Written by Lorna Pickford (02/Apr/03)
Page 5 of 6

Untitled Document

Computer games possess a level of interactivity that movies do not. Even when sat in the front row of your local flea pit, or multiplex for the city dwellers amongst us, with the screen filling your field of vision entirely, you are not the one initiating the events unfolding in front of you. The recent film Minority Report portrayed a future in which potential murderers were arrested and sentenced before they ever commit the crime. One of the subtler upshots of this was a thriving virtual reality entertainment industry, one aspect of which made money from selling fantasy experiences to individuals who wished to kill someone they knew. Satisfaction guaranteed of course, except for the annoying triviality of the person you wished dead still being alive. The leap between current game quality graphics and this kind of future fantasy land is extreme but not unachievable by any means. A more realistic middle ground, and one that will probably happen within the next few years, is virtual reality game environments which provide all the sensory input required to make a scenario real, but lack the personal and some what unnerving element of real people transposed onto the characters.

When a game becomes so real that you can see, hear, feel, perhaps even smell the "person" in front of you as you gun them down, does it become immoral? After all, there still would be no consequences to deal with after pulling the trigger. However, when the act is that "real", does it cast assumptions on the character of the game player? Is it right to live out that kind of urge, albeit in a virtual way? Is willingness to pull the trigger and watch a death wrong, when no one actually dies?

Currently computer games remove the player from the blood and gore that result from real world occurrences of physical violence, even though they are depicted on the screen. The whole experience is very antiseptic, despite blood and bits of people flying around and characters remaining in view lying on the ground bleeding to death, because it's still quite obviously, just computer generated pictures and not real footage. Most people have never stood in the middle of a battlefield as war is waged around them. Neither have I but I don't need to in order to state quite categorically that I wouldn't want to. The beginning of Saving Private Ryan, depicting the D-Day landings in Normandy, is a sequence of images well known and burnt into public consciousness. Scenes such as that are enacted across the globe, in darkened bedrooms and in office cubicles thousands of times a day without a second thought. One day, computer graphics will be as good as that footage. One day, you will be able to stand in the middle of that battle field, joystick in one hand, beer can in another. It would take a stronger person than I to play though a level like that more than once.

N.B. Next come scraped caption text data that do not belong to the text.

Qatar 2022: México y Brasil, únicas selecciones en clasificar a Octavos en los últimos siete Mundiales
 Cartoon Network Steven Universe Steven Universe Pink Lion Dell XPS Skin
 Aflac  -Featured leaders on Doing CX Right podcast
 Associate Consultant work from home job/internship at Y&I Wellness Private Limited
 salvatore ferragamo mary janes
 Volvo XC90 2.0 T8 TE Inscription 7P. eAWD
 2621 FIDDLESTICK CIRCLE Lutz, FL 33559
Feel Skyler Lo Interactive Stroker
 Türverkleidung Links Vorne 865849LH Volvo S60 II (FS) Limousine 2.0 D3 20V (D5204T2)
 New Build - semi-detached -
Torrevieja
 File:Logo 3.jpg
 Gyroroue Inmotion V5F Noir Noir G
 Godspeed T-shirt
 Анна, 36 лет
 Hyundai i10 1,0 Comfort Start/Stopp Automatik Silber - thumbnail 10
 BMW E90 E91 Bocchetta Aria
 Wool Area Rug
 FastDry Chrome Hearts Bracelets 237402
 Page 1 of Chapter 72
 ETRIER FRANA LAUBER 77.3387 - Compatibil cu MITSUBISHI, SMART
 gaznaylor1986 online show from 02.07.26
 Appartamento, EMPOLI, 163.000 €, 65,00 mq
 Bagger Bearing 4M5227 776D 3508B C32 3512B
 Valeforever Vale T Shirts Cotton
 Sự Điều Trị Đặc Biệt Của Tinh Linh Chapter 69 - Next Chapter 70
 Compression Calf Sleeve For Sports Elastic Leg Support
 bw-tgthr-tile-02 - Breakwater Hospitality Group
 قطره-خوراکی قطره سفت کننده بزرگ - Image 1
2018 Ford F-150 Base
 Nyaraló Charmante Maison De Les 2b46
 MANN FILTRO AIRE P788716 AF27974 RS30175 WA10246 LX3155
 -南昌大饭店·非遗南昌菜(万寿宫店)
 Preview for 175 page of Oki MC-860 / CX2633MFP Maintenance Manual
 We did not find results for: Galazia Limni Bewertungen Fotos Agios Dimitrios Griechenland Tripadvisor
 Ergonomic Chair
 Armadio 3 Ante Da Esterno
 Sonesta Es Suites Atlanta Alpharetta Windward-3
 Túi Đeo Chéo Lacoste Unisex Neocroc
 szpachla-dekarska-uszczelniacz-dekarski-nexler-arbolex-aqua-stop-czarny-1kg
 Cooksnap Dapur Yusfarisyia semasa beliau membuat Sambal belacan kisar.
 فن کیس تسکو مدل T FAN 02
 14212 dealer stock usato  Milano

Hard to stomach? Almost certainly. Distasteful or disrespectful? Quite possibly. Morally right or morally wrong? I don't know that I could play a game like that which to me would be an indication that I believe it to be wrong. Another issue to think about is the subject matter on which the game is based and just how much bloodshed there is. Until faced with such a situation and the choice of whether to play or to decline the offer I really have no idea. Peer pressure and curiosity alone will likely be enough to coax people into "playing" once.